Ceiling anchor

Going Caving?

Caving in Alberta can be a fun, educational and safe sport to take in, provided that you are using the old Boy Scout motto: Be Prepared. Caving can require some special precautions that you must consider if you wish to have a safe, successful and rewarding trip. First and foremost is that you should be physically fit and have the necessary clothing and equipment. Alberta's caves are often at a high elevation and in difficult terrain, and sometimes just getting to them can be a challenge. It is important to have proper supplies for the trip to and from the cave, as well as the caving trip itself. Proper exposure clothing, food and water, first aid kit and at least two other people are the minimum that you should be taking on a hike. For the caving itself, you require a special additional set of supplies and clothing to ensure that you are prepared for the cave's unique environment. The guy you see here on the left is all too common in Alberta, and it is the wrong and unsafe example that no one should follow. He is caving alone, he has no protective head gear, no proper hand or foot wear, inappropriate clothing for caving, poor choices in lighting, and no food, water or first aid supplies. Do not even consider caving in Alberta if you resemble this guy. You are only asking for trouble.

This handsome fellow has the bare minimum equipment needed to go caving. He is a novice caver or a horizontal caver, easily recognizable as someone who has the knowledge and smarts to have a safe and enjoyable caving trip. He has informed someone about his trip, what it involves, and when he and his three friends expect to return. Next, he has brought everything he needs to safely and comfortably do some basic caving. If you are considering going caving, or are a parent who is thinking of allowing your child to go caving with a group, please follow the three links at the bottom of this page and read them carefully. Another good, concise rereference is the original Cadomin Cave interpretive signage (although this specific cave is now closed to protect the bat hibernaculum). You can view the trail information before you go caving, and also view the entrance information on how to conduct yourself when caving. Remember, as with all outdoor and wilderness activities, participants must accept personal responsibility for their own safety. Injuries requiring assistance are coordinated through the responsible agency (usually the RCMP, although possibly Parks Canada or other agencies depending on location) and may result in costs being charged to the victim or caving partners.
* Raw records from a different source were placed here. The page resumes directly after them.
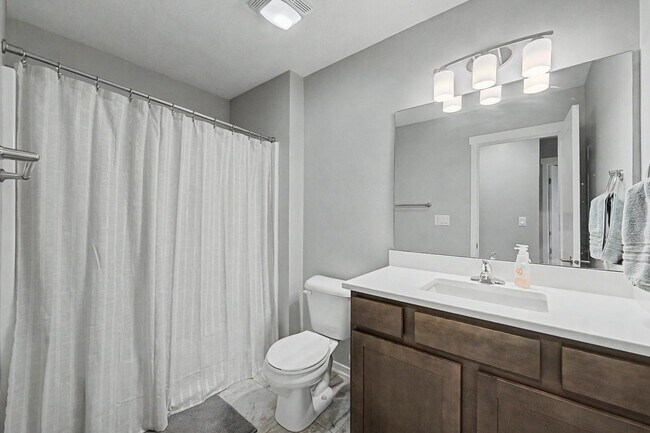 Building Photo - 16605 Wilden Dr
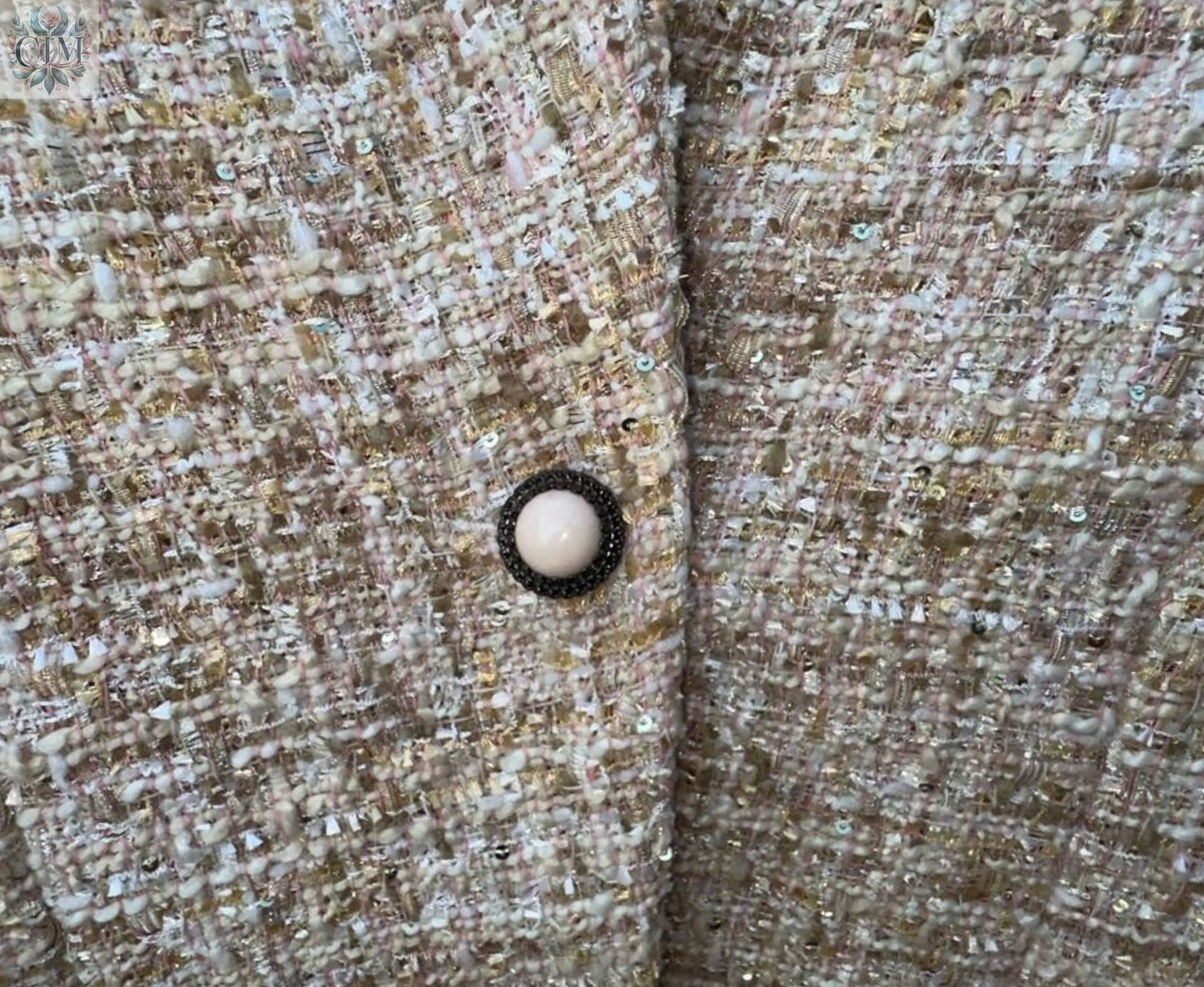Veste tailleur tweed beige Look raffiné et féminin Tissu noble et confortable Polyvalente du bureau à un dîner Détails subtils et élégants Style parisien chic Textured tweed Timeless elegance Refined finishing touches Chic Parisian style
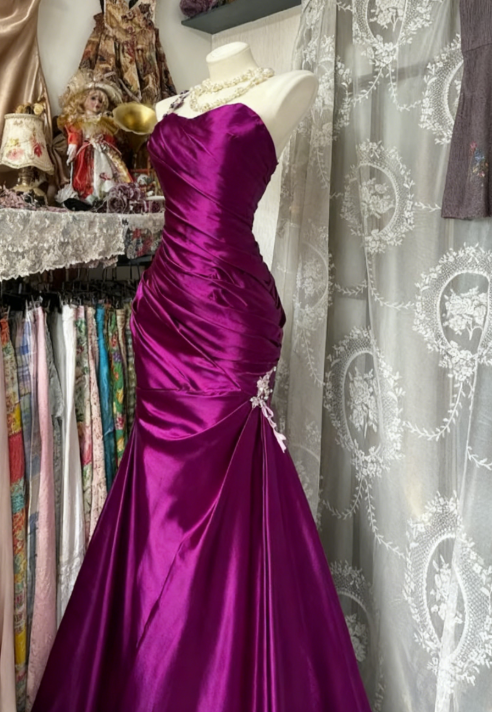 Chic Strapless Sheath Purple Long Prom Dresses Satin Purple Bridesmaid Dresses EP05133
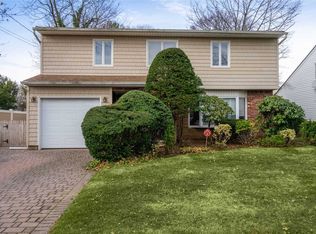 1470 Jenkins St, Merrick, NY 11566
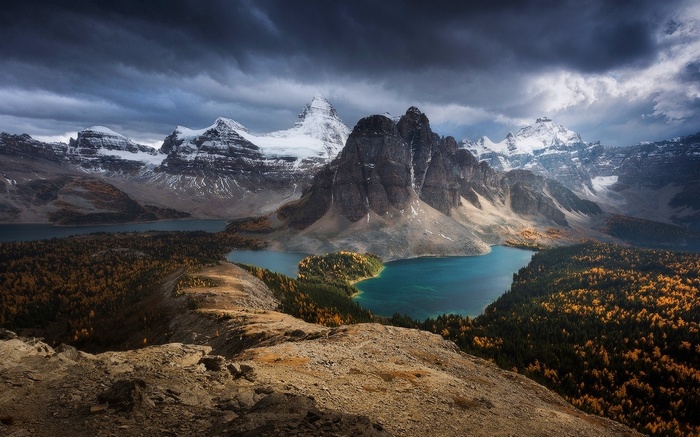 Turquoise lakes and snowy mountains in Canada during fall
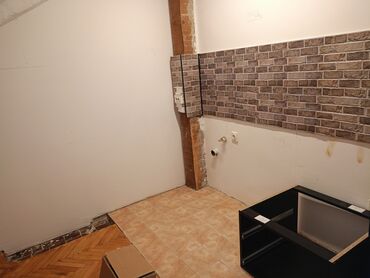 Kuhinjski nameštaj: Kuhinje po meri    Veliki izbor boja    Dimenzije po dogovoru   — 8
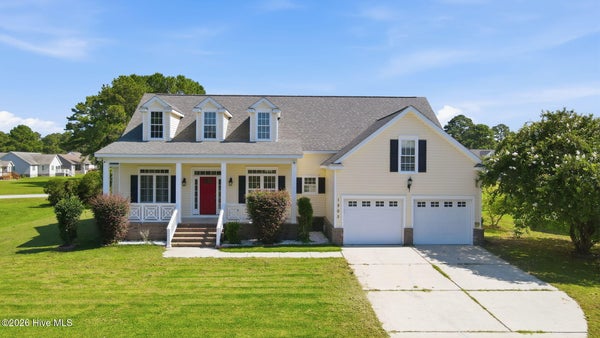 1203 CORAL REEF CT, NEW BERN, NC 28560 - Image 00a44497d9c2d4716d143b7942ce4b52/2354233917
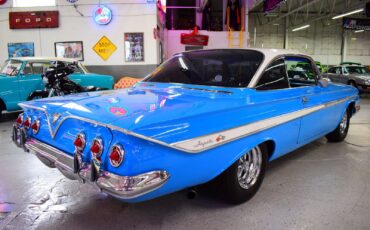 Chevrolet-Impala-1961-Coupe-10
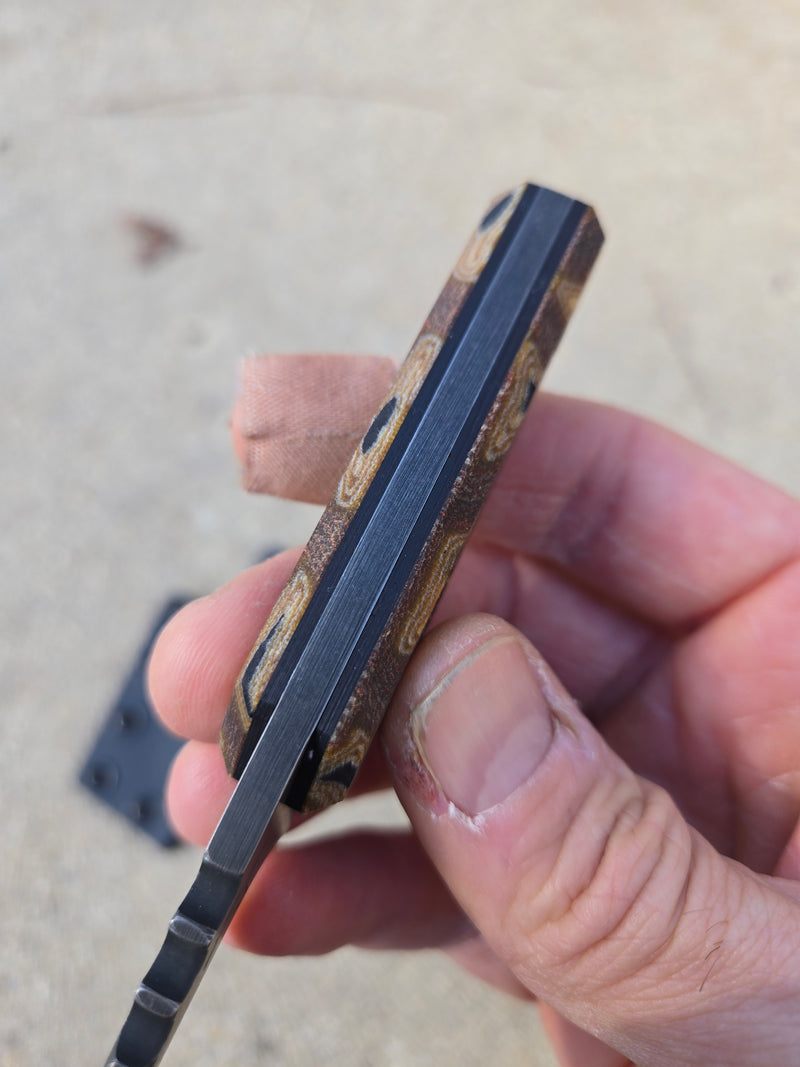 Load image into Gallery viewer, Zwear Mini Raptor (GL Hansen Micarta w/ Black Liners)
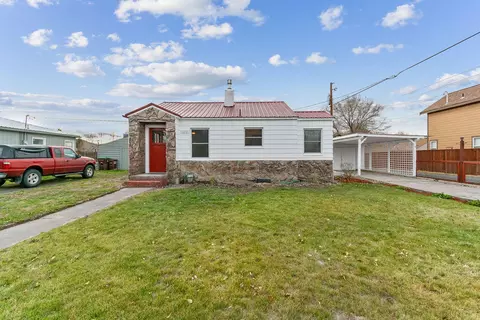 373 SE Fairview St, Prineville, OR 97754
If you find caving is the most interesting experience you've had and you want to pursue it further, you can join a club. Going further and deeper in the cave requires a little more equipment, training and skill. Instead of just climbing, stooping and crawling, you'll need to learn prussiking and abseiling, Single Rope Technique and advanced safety. Specific training is required before you embark on this type of caving; there is no substitute for proper equipment and usage. Without this, vertical activities are dangerous and may lead to severe injury or even death. Gaining proper instruction in appropriate techniques and methods of safety is your own responsibility. A club may instruct you on proper protocol and type of equipment and may even loan some as part of the membership. There may also be training courses available such as the verical caving course offered by Canmore Caverns.  In any case, this is hard core caving: if it is going up or down and it doesn't look easy, get the proper training and equipment first.